God means to do more than merely reconcile us in one body, however. He means to make us equals—and not only with each other. So the Psalmist sings, drunk with delight,
"You have anointed my head with oil."
This is the wonder of wonders: Christ, the anointed one, anoints us, making room for us to share his relation to the Father, identifying with us so completely that we are included in his uniqueness. As the Fathers say, what he is by nature we become by grace because all that he receives from the Father, he gives to us. And when all is said and done, we shall be filled with all the fulness of God, just as he is, knowing as we are known.
And that means we have to learn even now to speak of God's goodness also in the first person. After "The Lord is my shepherd" becomes "Lord, you are my shepherd," it becomes possible—and therefore necessary—to say, "Lord, I am your shepherd." At the end of Mark's Gospel, Jesus assures the disciples that "these signs shall follow those who believe." And that is precisely what we hear at the end of this Psalm:
"Surely your goodness and mercy shall follow me all the days of my life."
In the Apocalypse, this is Christ's last promise to the churches: "To him who overcomes I will grant to sit with me in my throne, even as I also overcame and am set down with my Father on his throne." This, and nothing less than this, is the hope God holds out for us. We are meant to dwell in his house, forever, not as slaves—God is no master, after all!—but as friends, as partners, as equals. We are, as Scripture says, Christ's co-heirs, purposed to reign with him. Our lives are meant to have the same effect for others that his life has for us. We are meant to be the face of his mercy, the presence of his goodness. We are meant not only to pray but to be answers to prayer.
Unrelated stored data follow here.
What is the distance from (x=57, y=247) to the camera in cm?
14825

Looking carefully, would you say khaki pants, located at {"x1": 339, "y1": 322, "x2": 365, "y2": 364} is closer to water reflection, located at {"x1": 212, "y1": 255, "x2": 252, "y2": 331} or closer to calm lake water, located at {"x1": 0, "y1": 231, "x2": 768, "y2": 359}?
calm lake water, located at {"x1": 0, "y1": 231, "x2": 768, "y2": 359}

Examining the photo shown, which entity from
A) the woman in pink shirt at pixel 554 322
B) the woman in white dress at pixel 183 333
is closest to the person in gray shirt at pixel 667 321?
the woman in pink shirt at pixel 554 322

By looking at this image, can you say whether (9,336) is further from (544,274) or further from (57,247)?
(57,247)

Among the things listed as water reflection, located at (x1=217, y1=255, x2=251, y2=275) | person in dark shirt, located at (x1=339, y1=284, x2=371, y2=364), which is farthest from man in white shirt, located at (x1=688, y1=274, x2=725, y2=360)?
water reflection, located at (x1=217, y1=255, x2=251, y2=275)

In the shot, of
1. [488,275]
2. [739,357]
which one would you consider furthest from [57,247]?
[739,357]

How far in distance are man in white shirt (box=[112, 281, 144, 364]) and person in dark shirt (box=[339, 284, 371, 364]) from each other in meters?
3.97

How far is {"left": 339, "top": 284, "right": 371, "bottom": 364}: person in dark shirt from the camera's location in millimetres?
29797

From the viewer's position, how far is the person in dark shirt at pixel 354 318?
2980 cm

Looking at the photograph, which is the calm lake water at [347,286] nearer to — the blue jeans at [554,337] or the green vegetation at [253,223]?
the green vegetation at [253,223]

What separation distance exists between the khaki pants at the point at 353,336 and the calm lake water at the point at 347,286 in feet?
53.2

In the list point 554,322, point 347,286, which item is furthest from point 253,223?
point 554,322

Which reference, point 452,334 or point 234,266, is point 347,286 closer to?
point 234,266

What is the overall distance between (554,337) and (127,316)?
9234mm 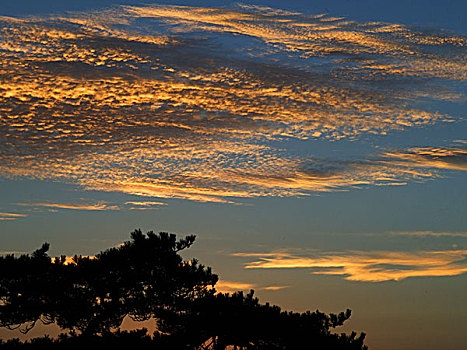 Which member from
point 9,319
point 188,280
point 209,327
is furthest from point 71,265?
point 209,327

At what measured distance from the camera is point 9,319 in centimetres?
2684

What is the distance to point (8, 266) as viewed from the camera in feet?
88.7

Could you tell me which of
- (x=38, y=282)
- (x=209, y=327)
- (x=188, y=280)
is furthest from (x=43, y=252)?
(x=209, y=327)

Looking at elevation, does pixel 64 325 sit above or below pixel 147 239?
below

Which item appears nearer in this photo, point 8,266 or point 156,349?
point 156,349

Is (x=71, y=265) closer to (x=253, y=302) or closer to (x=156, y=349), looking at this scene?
(x=156, y=349)

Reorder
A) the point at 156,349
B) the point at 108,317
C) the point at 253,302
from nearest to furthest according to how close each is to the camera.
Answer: the point at 156,349 → the point at 253,302 → the point at 108,317

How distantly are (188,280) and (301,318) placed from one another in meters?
5.85

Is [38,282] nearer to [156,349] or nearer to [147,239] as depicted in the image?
[147,239]

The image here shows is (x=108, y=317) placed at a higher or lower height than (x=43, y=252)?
lower

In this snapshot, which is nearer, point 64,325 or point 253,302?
point 253,302

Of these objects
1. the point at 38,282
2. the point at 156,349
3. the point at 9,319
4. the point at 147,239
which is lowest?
the point at 156,349

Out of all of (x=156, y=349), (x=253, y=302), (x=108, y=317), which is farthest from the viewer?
(x=108, y=317)

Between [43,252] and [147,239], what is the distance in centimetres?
507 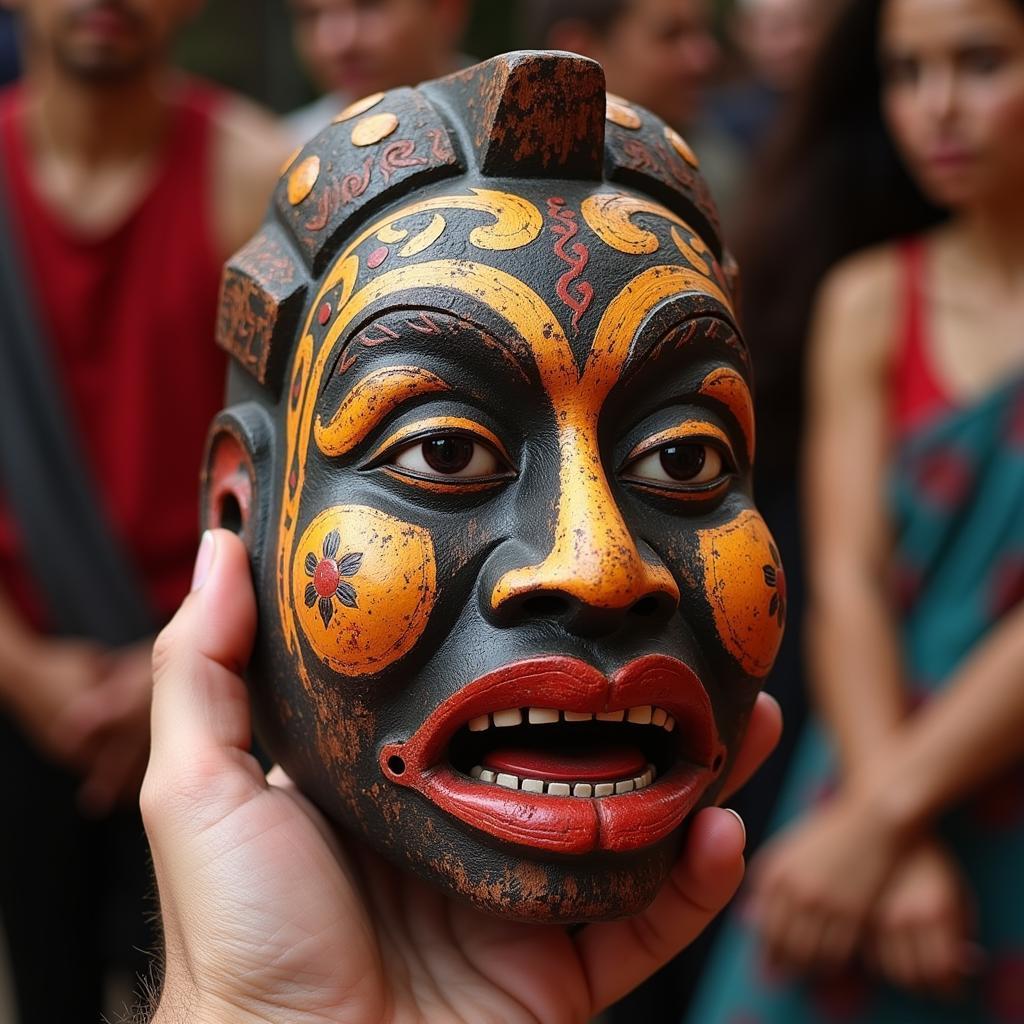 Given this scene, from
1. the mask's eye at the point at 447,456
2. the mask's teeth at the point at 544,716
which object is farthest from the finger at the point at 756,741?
the mask's eye at the point at 447,456

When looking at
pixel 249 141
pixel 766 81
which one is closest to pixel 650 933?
pixel 249 141

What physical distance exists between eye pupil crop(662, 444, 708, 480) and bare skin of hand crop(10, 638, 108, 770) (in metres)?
1.90

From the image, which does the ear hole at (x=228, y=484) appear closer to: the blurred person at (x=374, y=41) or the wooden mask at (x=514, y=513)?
the wooden mask at (x=514, y=513)

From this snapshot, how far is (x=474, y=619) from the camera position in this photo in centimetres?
154

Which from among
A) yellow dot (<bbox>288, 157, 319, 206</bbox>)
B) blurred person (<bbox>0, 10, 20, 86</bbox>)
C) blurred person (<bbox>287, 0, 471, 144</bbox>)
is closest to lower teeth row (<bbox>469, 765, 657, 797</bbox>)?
yellow dot (<bbox>288, 157, 319, 206</bbox>)

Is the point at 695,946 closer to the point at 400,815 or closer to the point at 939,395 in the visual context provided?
the point at 939,395

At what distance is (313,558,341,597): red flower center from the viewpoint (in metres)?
1.55

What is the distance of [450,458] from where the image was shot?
1.58 metres

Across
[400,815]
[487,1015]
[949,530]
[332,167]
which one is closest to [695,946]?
[949,530]

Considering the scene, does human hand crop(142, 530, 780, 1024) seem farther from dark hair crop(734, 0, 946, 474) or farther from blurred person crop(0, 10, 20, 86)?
blurred person crop(0, 10, 20, 86)

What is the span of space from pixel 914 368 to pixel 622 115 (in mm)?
1477

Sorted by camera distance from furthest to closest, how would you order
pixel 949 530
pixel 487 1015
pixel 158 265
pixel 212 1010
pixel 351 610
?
pixel 158 265, pixel 949 530, pixel 487 1015, pixel 212 1010, pixel 351 610

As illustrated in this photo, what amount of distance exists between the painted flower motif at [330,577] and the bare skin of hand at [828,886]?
1.58 metres

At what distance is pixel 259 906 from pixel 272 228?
848 mm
A hard truth to swallow, I know. At the beginning of Jesus' ministry, remember, John was reluctant to baptize him. At the end, Peter resisted having his feet washed by him. Why? Because both assumed then, just as you and I are conditioned to assume now, that relationship with God is determined by a radical inequality—as if God is known to be God only through our subjugation, shown to be superior by our inferiority. But God is truly beyond compare, utterly, inconceivably without rival. Hence, no competition exists between him and us. He is not the greatest among many. He is one. He is, as Isaiah says, God alone, and he does not share his glory with another. He shares his glory with us because in Christ we are not another. As St Irenaeus said, God's glory is a human being fully alive, living as Christ lives—glorified in glorifying. If we know that, then we know how to sing with a full heart, a heart broken open wide:
"The Lord is my shepherd. I shall not be in want."